Information provided
⟨
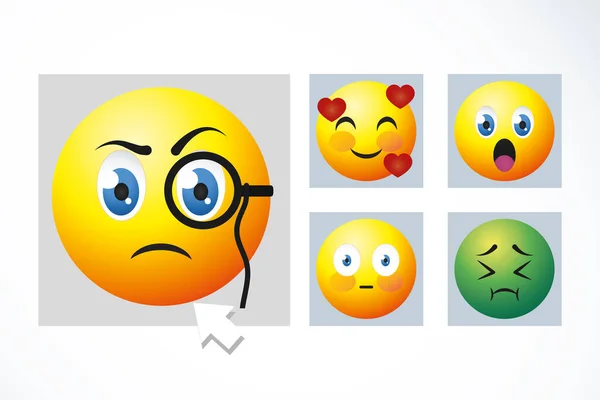 Desenho animado rosto surpreso e conjunto de ícones emojis, design colorido — Vetor de Stock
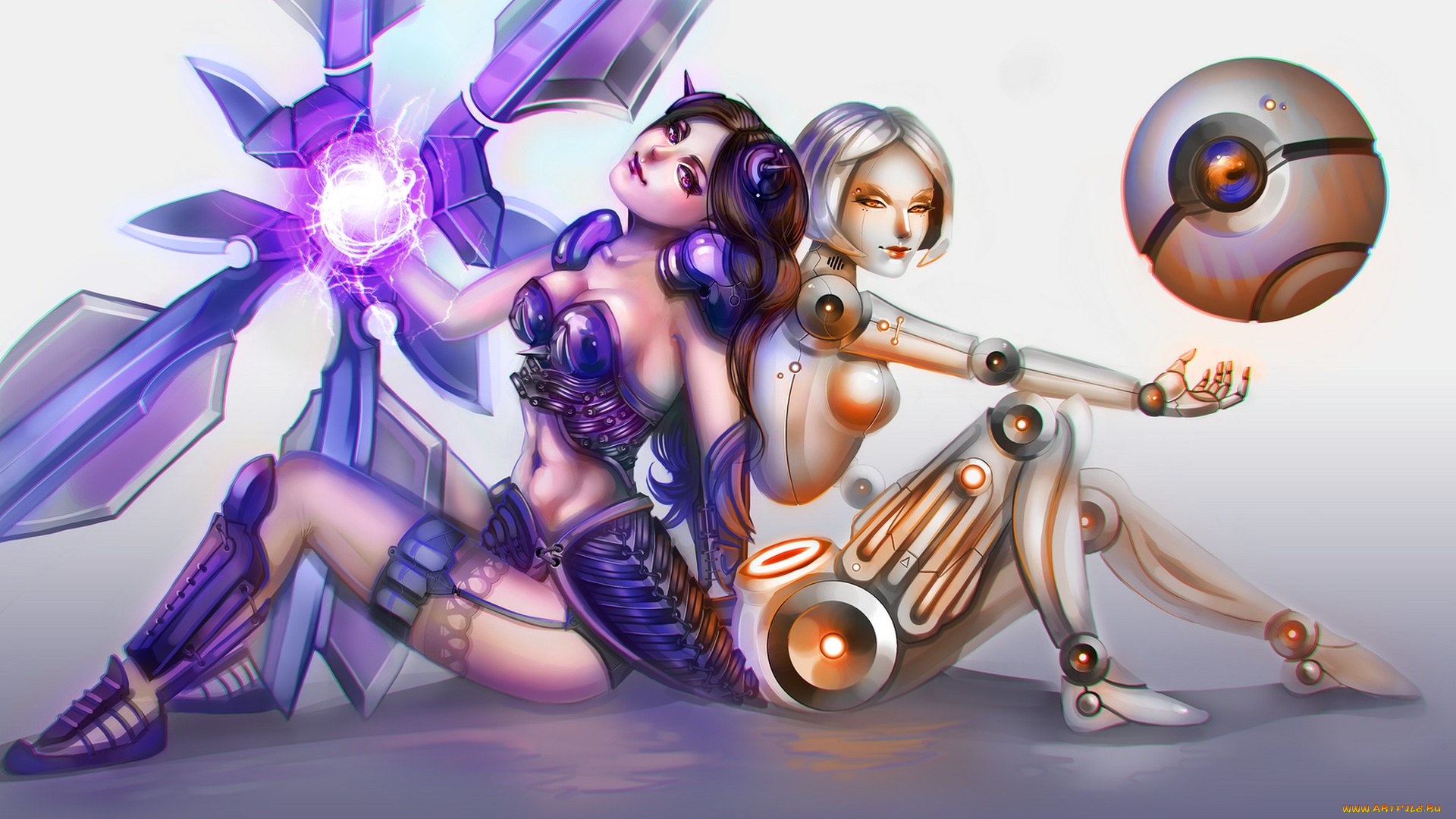 видео, игры, league, of, legends, сидят, робот, девушка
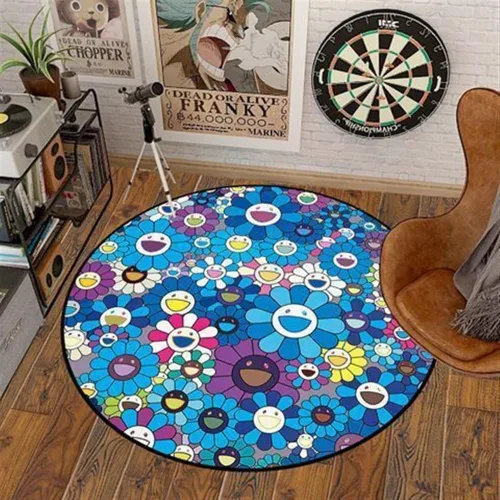 Vista 14 de 100x100cm (40x40 pulgadas) Alfombra de Takashi Murakami con diseño de flores, material suave y duradero para decoración del hogar y uso en la 02
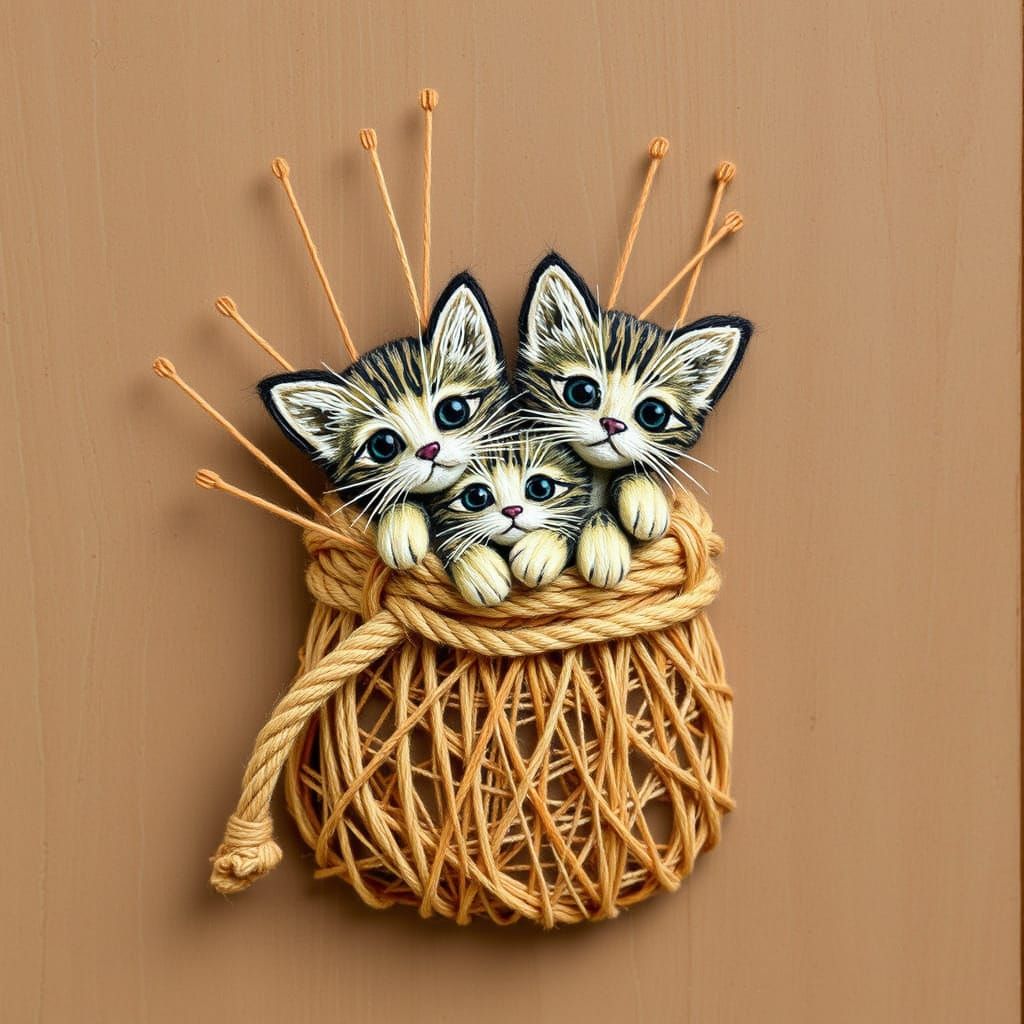 Whimsical String Art Kittens in Folk Art Style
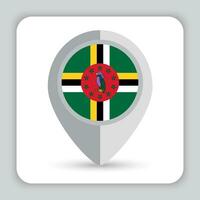 Dominica Flag Pin Map Icon vector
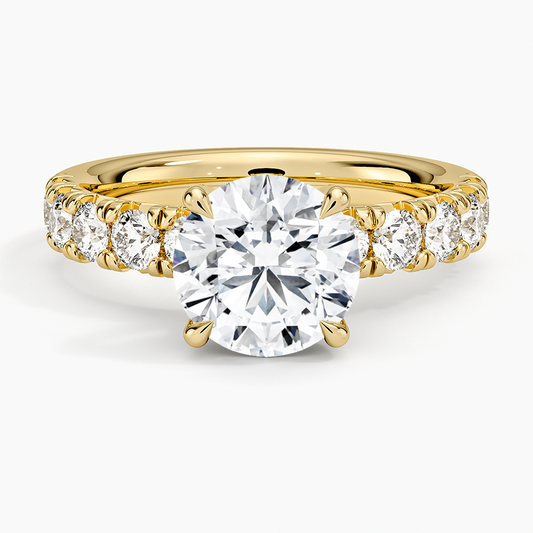 Ellora Half Coverage Diamond Ring - Round Center Stone
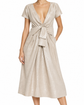 Metallic gold draped linen midi dress from Other Designers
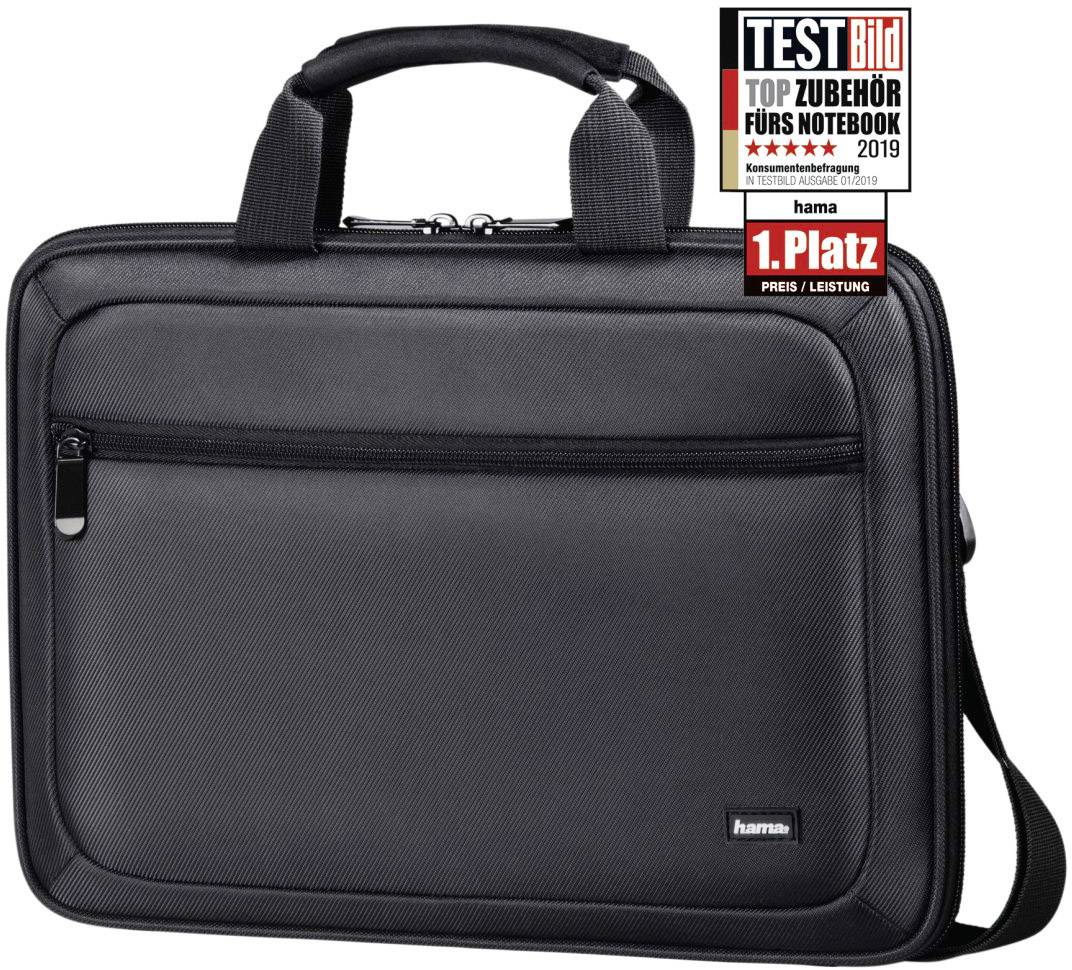 Schwarze Notebook-Tasche von hama, Testsieger 2019 laut 'TESTBild'. Sie bietet Stauraum mit Reißverschlusstaschen und Schultergurt.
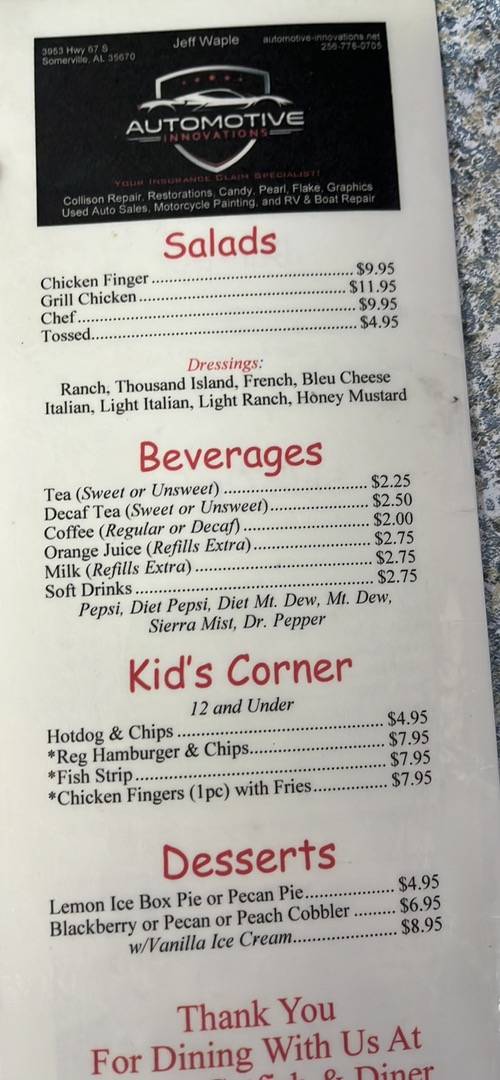 Menu at Libby's Catfish & Diner restaurant, Priceville, AL67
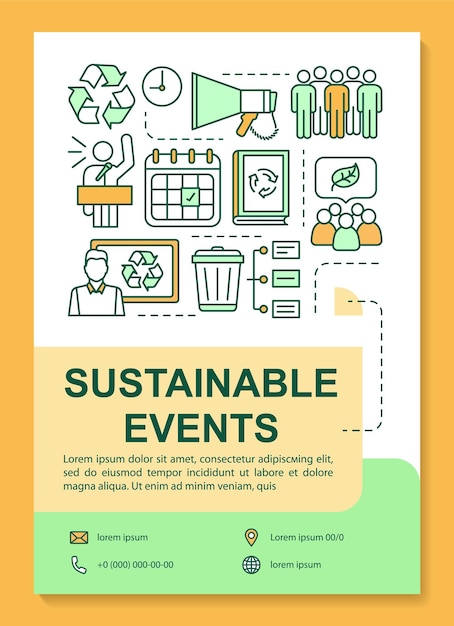 Vector sustainable event poster template layout. environment protection meeting. banner, booklet, leaflet print design with linear icons. zero waste event. vector brochure page layouts for advertising flyers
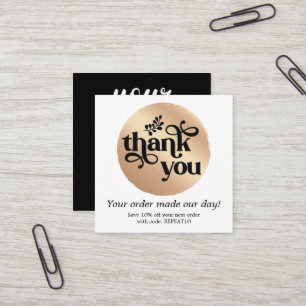 Gold Modern Personalised Order Circle Thank You Square Business Card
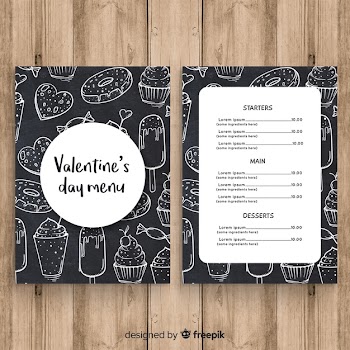 Valentine's day menu template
⟩
Requirement
Take the line that contains "Gold Modern Personalised" as the first and the last line of the records as the end, and please quote those lines exactly, pictures omitted.

Answer box
 Gold Modern Personalised Order Circle Thank You Square Business Card
 Valentine's day menu template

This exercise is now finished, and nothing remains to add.